For the next part of the project, I analyzed the full data set of hate crimes, not differentiating on bias. My purpose here was to look at Exponential Smoothing models and ETS models, Holt and Holt Winters as possible prediction models for the hate crimes. ETS models are a family of models that use a level (smoothing), linear trend and seasonality to predict future data. They are often used with financial data. There is Simple Exponential Smoothing model, which only includes the level (smoothing). The Holt model includes level (smoothing) and trend components. The Holt Winters model uses all three: level, trend and seasonality. I had noticed in my previous analysis that there tended to be a seasonality, which hate crime peaking in September and October time frame and then dropping off through the winter months. This was confirmed looking at the plot by month and the seasonal decomposition.

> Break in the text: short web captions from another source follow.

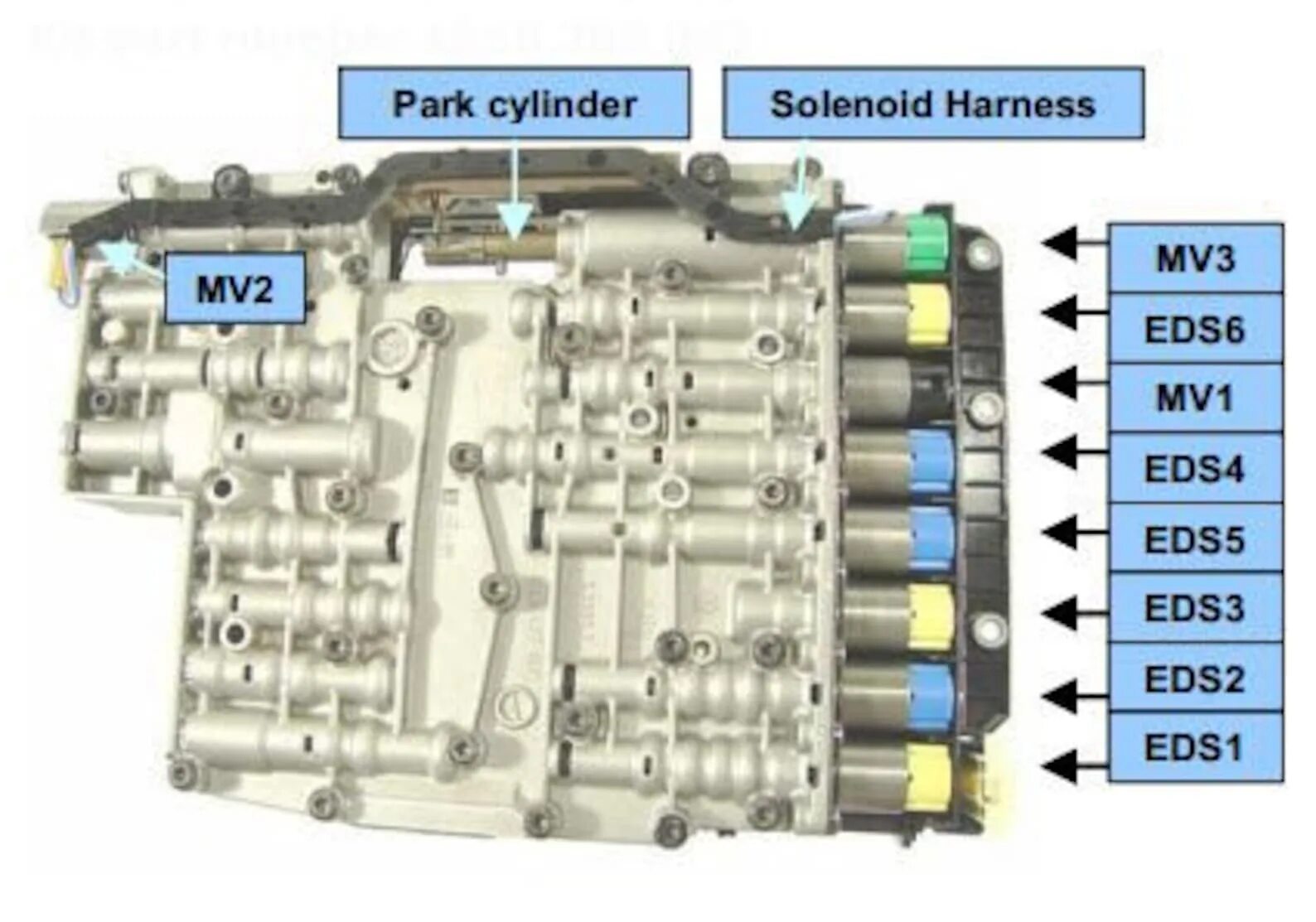 Соленоид переключения передач. Мехатроник ZF 6hp28. Соленоиды АКПП 6hp19. Гидроблок ZF 6hp19. Соленоид 3 передачи 6hp26.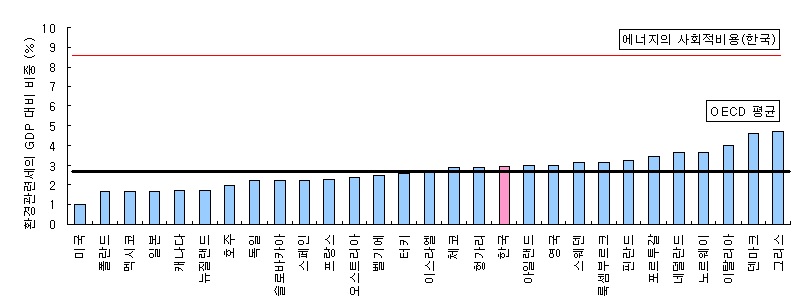 [그림 Ⅲ-1] 환경관련세의 국제비교 : GDP 대비 세수 비중(2005년)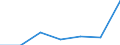 KN 60029339 /Exporte /Einheit = Preise (Euro/Tonne) /Partnerland: Russland /Meldeland: Europäische Union /60029339:Gewirke und Gestricke, mit Einer Breite von > 30 cm, aus Synthetischen Chemiefasern, Bedruckt, A.n.g. (Ausg. Fuer Vorhaenge und Gardinen, Gewirke und Gestricke aus Kettengewirken [einschl. Solcher, die auf Haekelgalonmaschinen Hergestellt Sind], Oder mit Einem Anteil an Elastomergarnen Oder Kautschukfaeden von >= 5 Ght)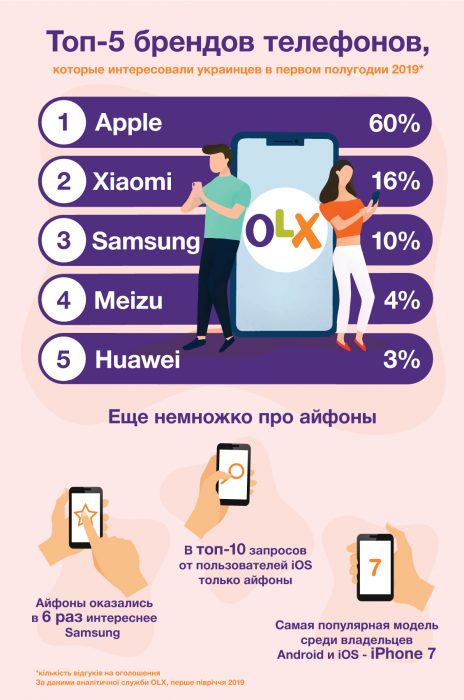 Инфографика_OLX_топ-5 брендов телефонов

Both suggest the presence of monthly seasonality.

If you look above, you can see that the seasonality peaks in the September/ October timeframe with the lowest numbers in December.

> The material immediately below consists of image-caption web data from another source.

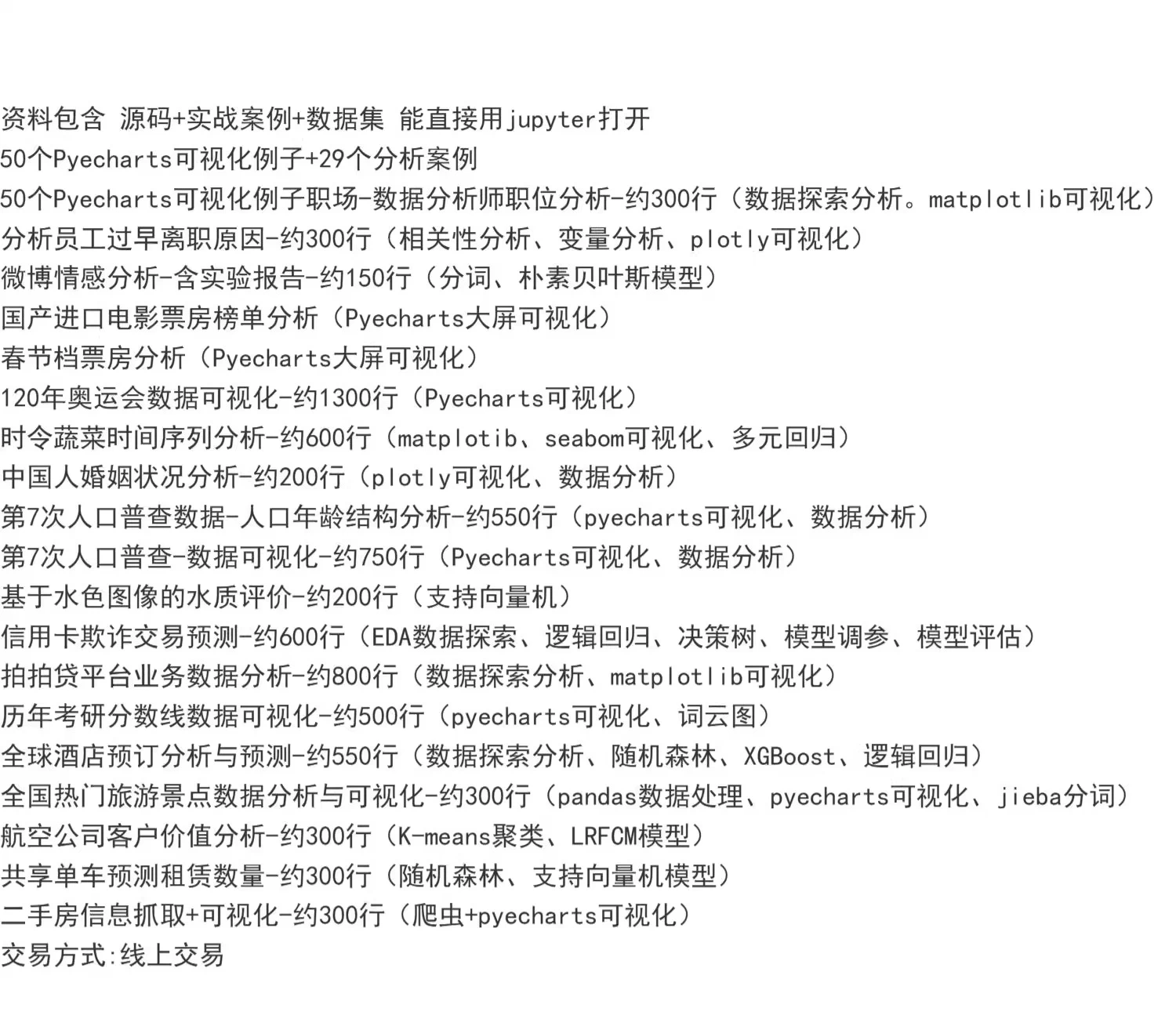 Python数据分析可视化预测项目例子实例源码代码实战案例带数据集插图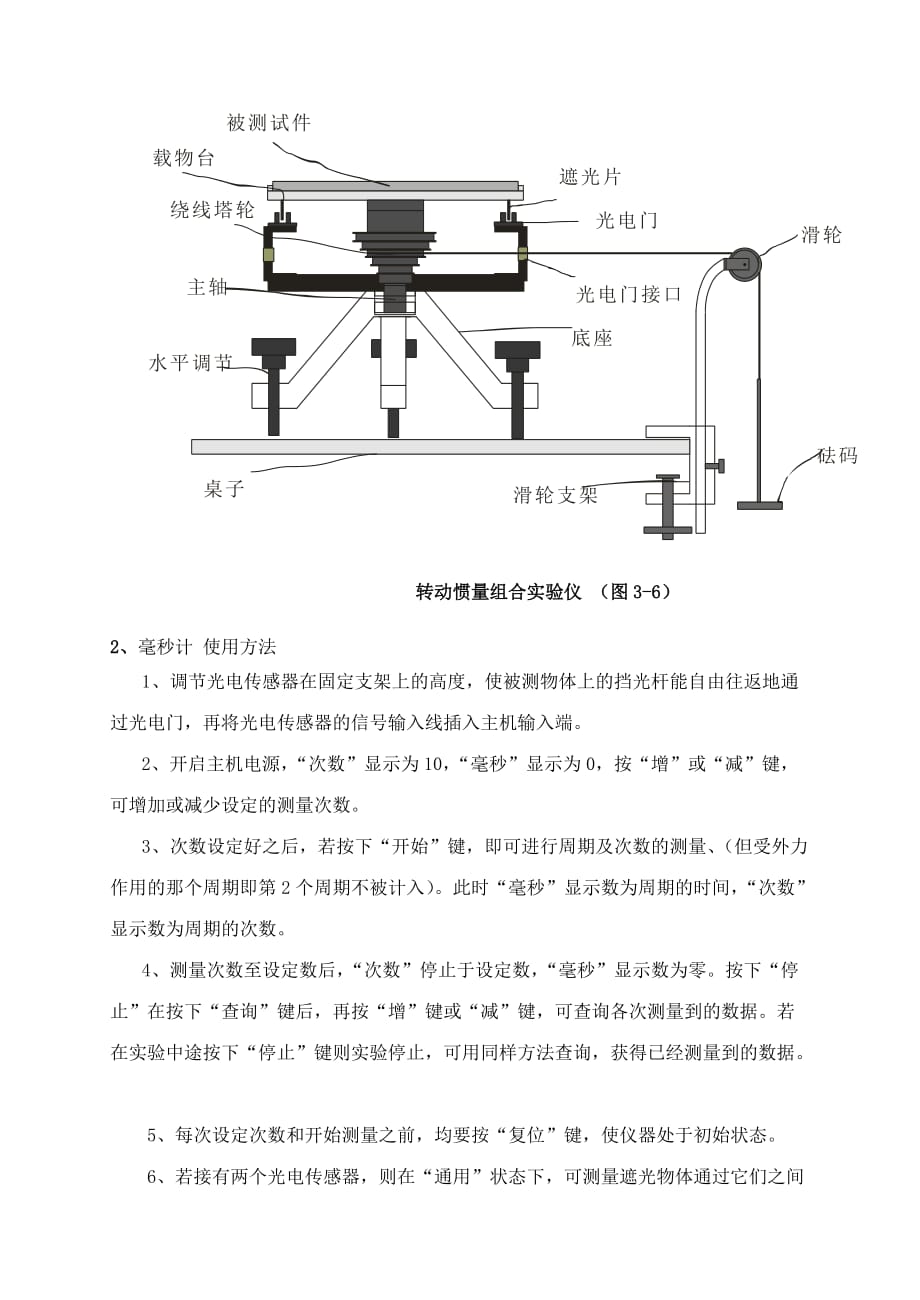 转动惯量新仪器对应预习.doc_第4页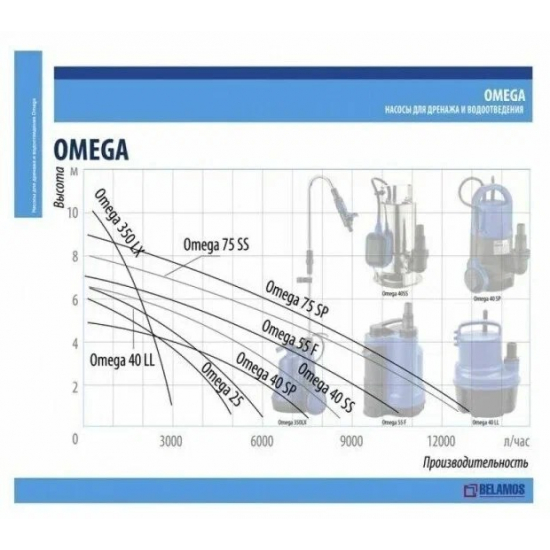 Дренажный насос BELAMOS OMEGA 350 LX кабель 10 м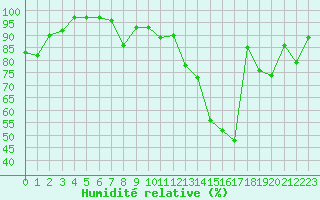 Courbe de l'humidit relative pour Belfort-Dorans (90)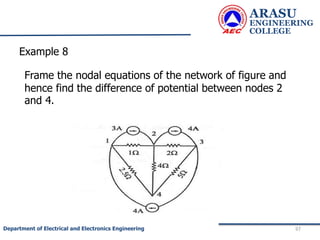 ARASU
ENGINEERING
COLLEGE
97
Department of Electrical and Electronics Engineering
Example 8
Frame the nodal equations of the network of figure and
hence find the difference of potential between nodes 2
and 4.
 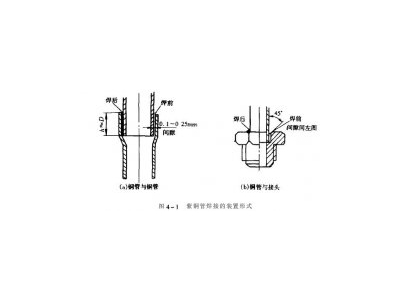 冷熱沖擊試驗機制冷系統(tǒng)的管道怎樣焊接?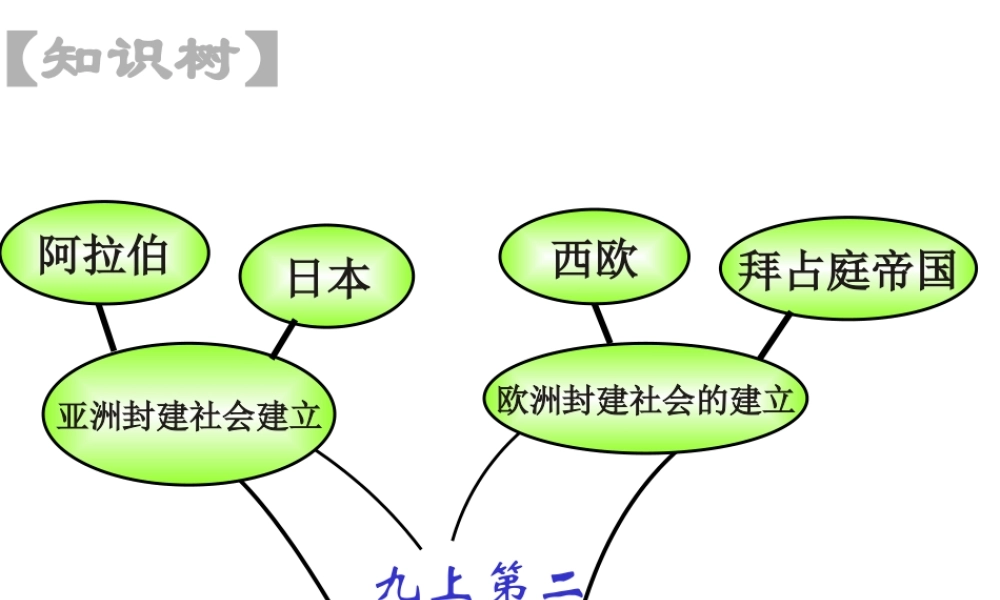 九年级历史第二单元知识树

Since Holt Winters includes all three, I checked this model. I also tried the Holt model out of curiosity and practice. I do want to acknowledge that I have been working on a class by “The Lazy Programmer” on Udemy. The class is Time Series Analysis, Forecasting and Machine Learning. If you are interested in time series, it is a fabulous class.
The next issue was regarding the heteroskedasticity where the variance of data is not constant. Certain time periods will have different variance than others. Look below at the 6-month rolling std dev so the variability can be viewed in the count units rather than counts squared.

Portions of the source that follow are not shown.